Around 20 health care workers rallying on a corner in front of a health center, holding signs that say, "United for patient care."
Medical and mental health workers gather outside the West Berkeley Health Center on Tuesday morning during a daylong strike. After negotiating their first contract for over a year, the unionized workers and LifeLong management have yet to reach a deal. Credit: Ximena Natera, Berkeleyside/CatchLight

Some 140 doctors, nurse practitioners, psychiatrists, and other LifeLong Medical Care providers went on strike Tuesday over conditions and pay at the organization’s clinics across the Bay Area.

The health care workers, some wearing their white lab coats, rallied outside of the West Berkeley Health Center on Sixth Street in the morning, waving signs and eliciting supportive honks from passing cars. 

“We know what our patients need—and we’re unable to provide them with what they need,” Mike Sweeney, a nurse practitioner at LifeLong’s Ashby Health Center, said. “It’s painful for us and it’s painful for our patients.”

LifeLong started in Berkeley in 1976, and now runs upwards of 20 sites and programs offering medical, dental, and behavioral health services across the East Bay and Marin County. The organization, which receives federal funding, works with underserved populations, including low-income, homeless, undocumented, and elderly patients. LifeLong has around 1,157 employees and a $100 million annual budget.

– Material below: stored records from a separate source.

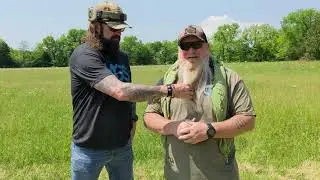 Taktikal Santa talks with Zeke Stout of MGS Trade School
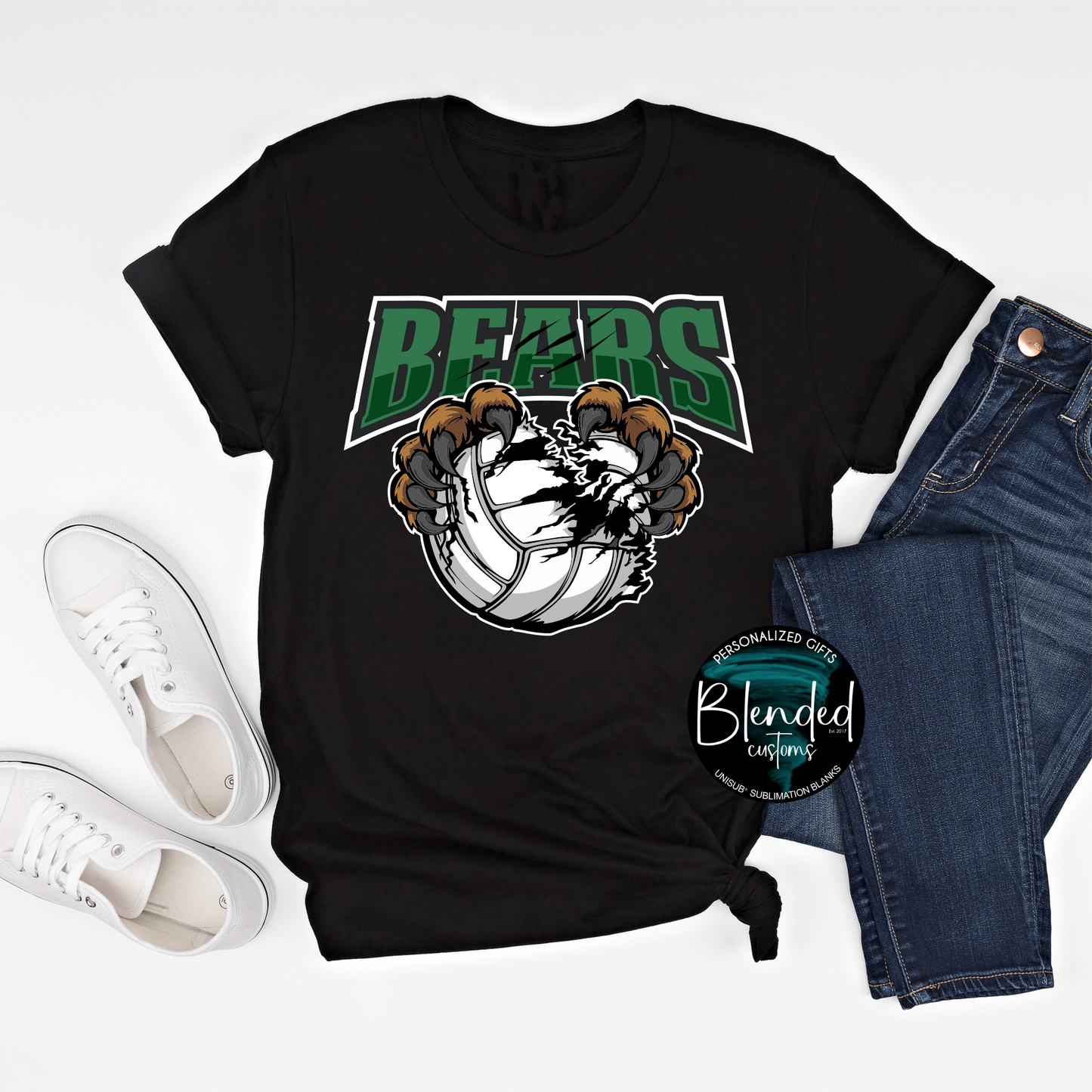 Berry Bears School T-Shirt - Exclusive Design by Blended Customs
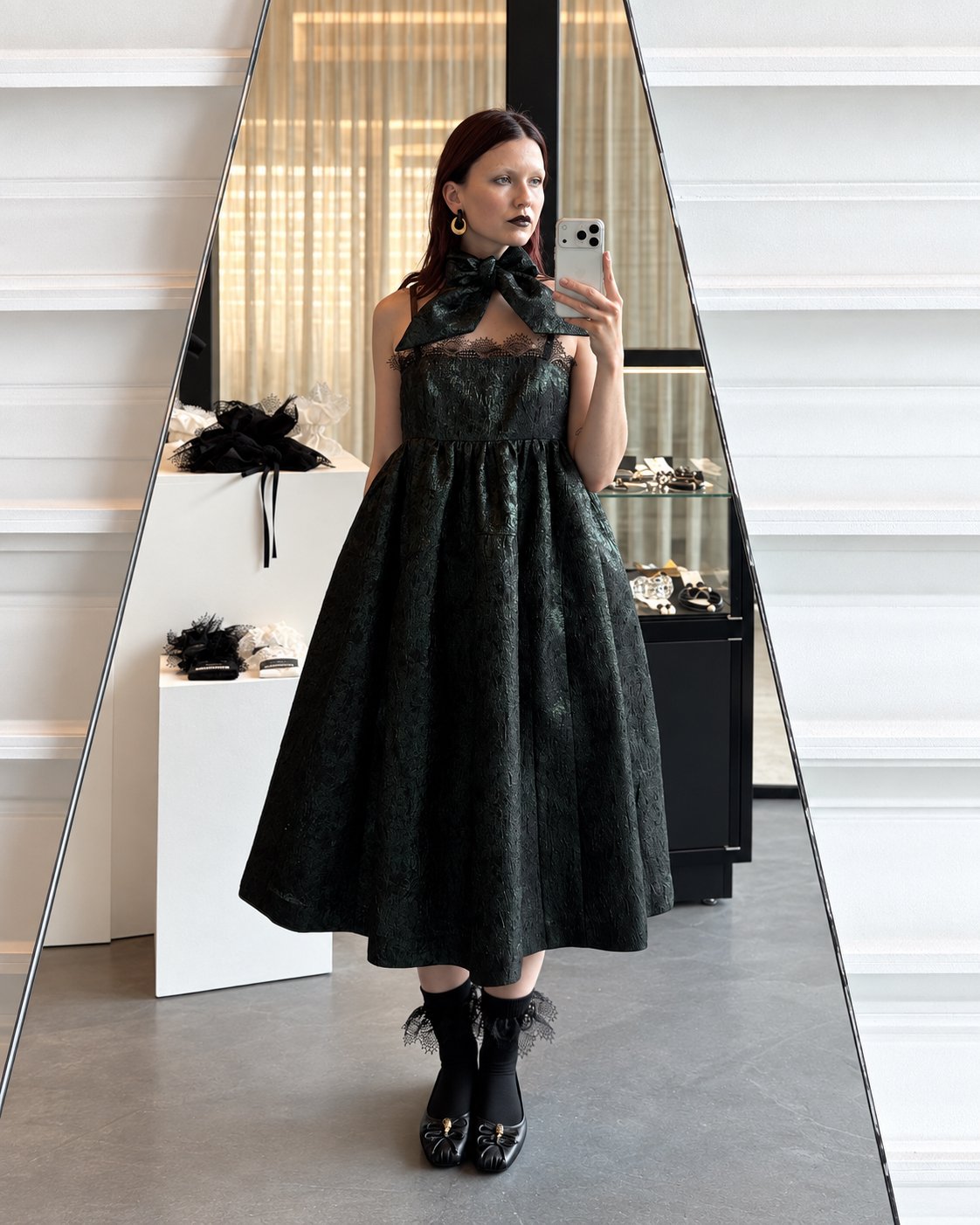 NIGHTGARDEN DRESS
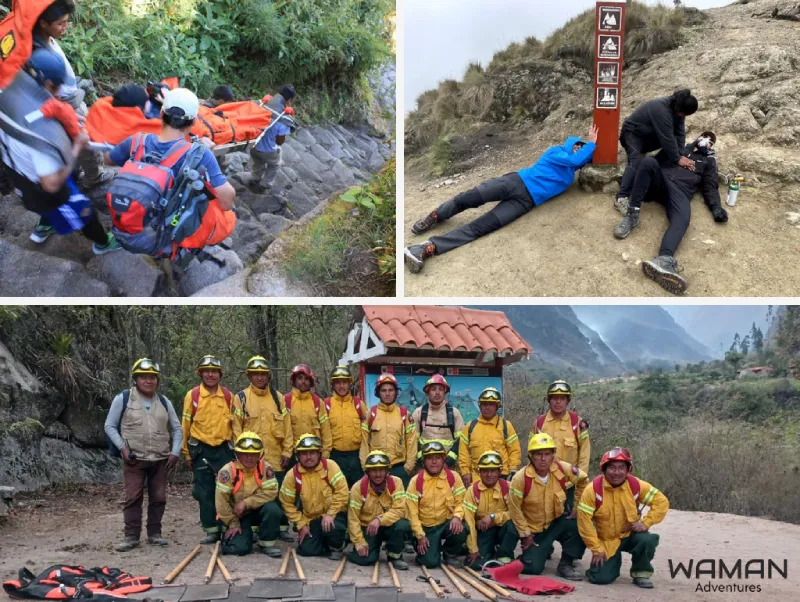 Accidents on the Inca Trail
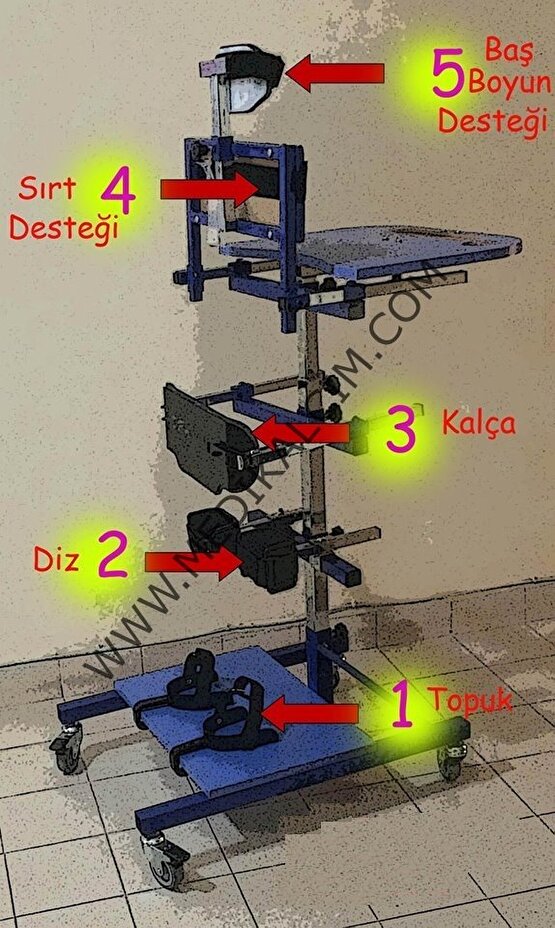 Dik Durma Sehpası Yetişkin 7-12 Yaş Arası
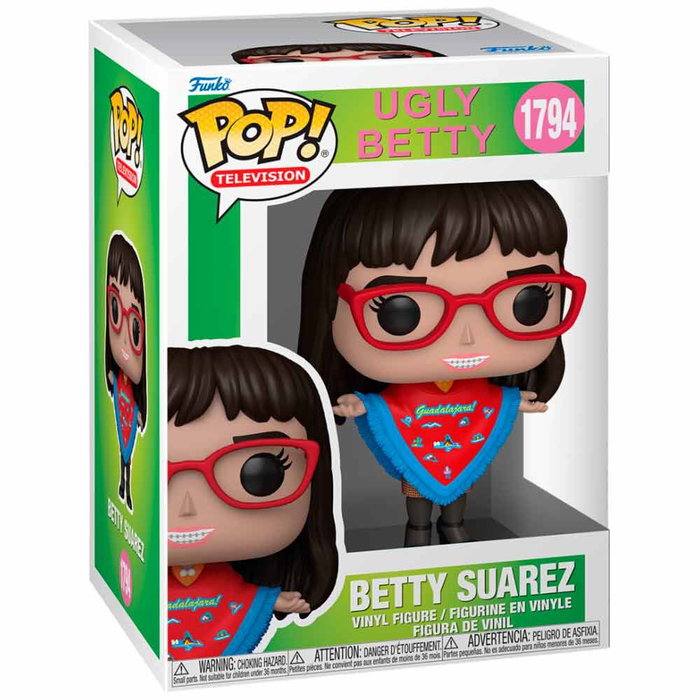 Funko POP! Betty Suarez Ugly Betty Figurine en Vinyle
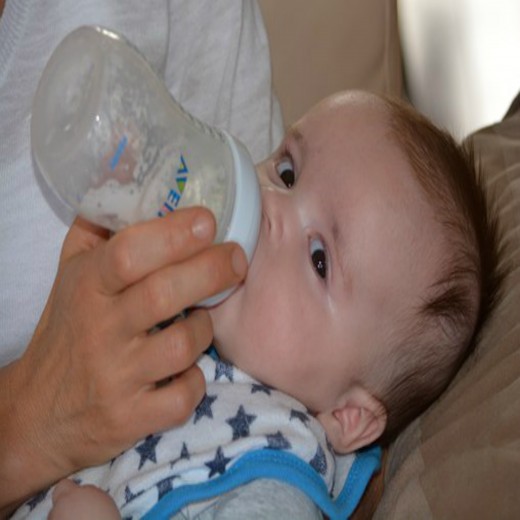 Do not stress as thousands of babies worldwide are fed with breast milk substitutes 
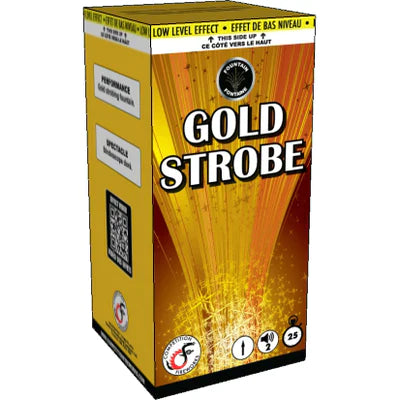 GOLD STROBE (BC ONLY)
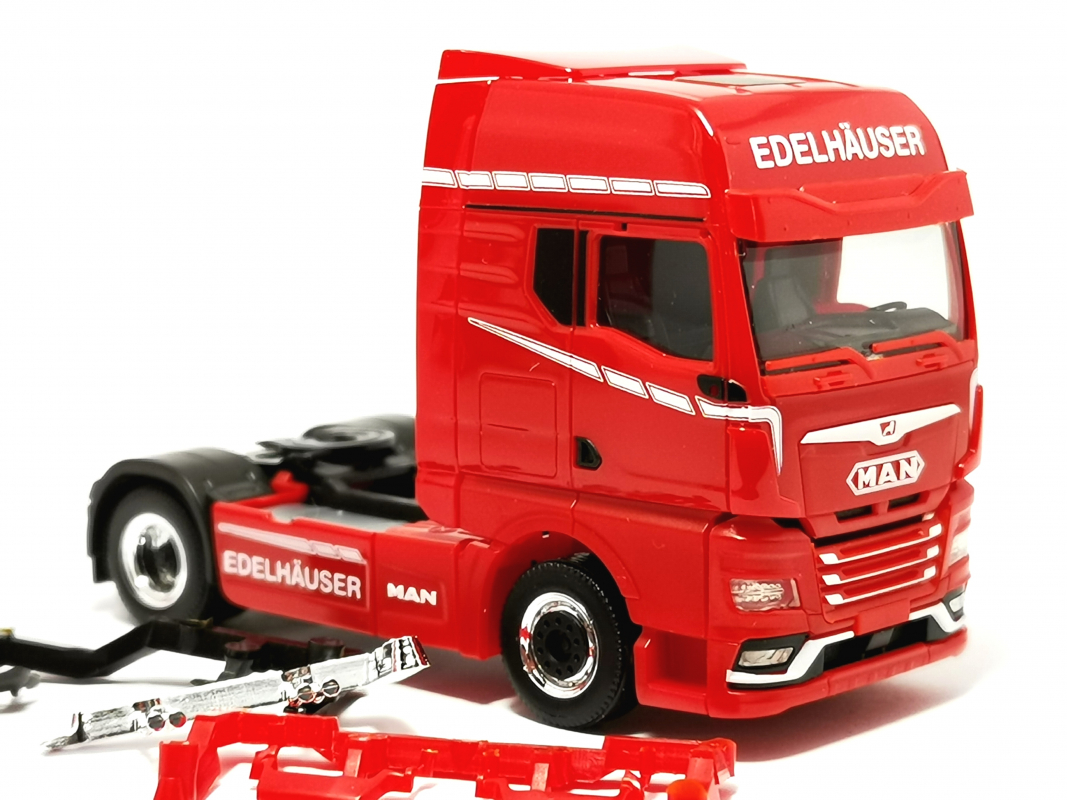MAN TGX GX Zugmaschine "Edelhäuser" Herpa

Unhoused clients of LifeLong have often spoken highly about the services they’ve received from the organization, often through its downtown Oakland Trust Health Center, which is contracted with Alameda County Health Care for the Homeless.

“Providers come to LifeLong because we believe in the mission to provide to the communities most in need,” said Sweeney, who is also on LifeLong’s street medicine team. “We expect to take a pay cut to some extent. People are willing to make that sacrifice, but not to make that sacrifice and be worked so, so hard.”

LifeLong providers, who unionized with the Union of American Physicians & Dentists (UAPD) two years ago, have been in negotiations with the nonprofit’s leadership over their first contract for more than a year. The providers want more time for administrative work, more say in the organization’s decisions, sabbaticals, access to mental health care, and transparent wages and pay increases. 

A band of older musicians belt out songs and strum guitars on the sidewalk.
Musicians play protest songs to rally the crowd of workers at the Berkeley strike event on Tuesday. Credit: Ximena Natera, Berkeleyside/CatchLight

The staff accuses LifeLong management of not seriously considering these proposals. A federal mediator was brought in last week, a move that both sides can choose to make when they can’t reach an agreement.

“Despite our best efforts to negotiate in good faith, UAPD has chosen to strike,” said LifeLong Deputy Director Luncinda Bazile in a statement. 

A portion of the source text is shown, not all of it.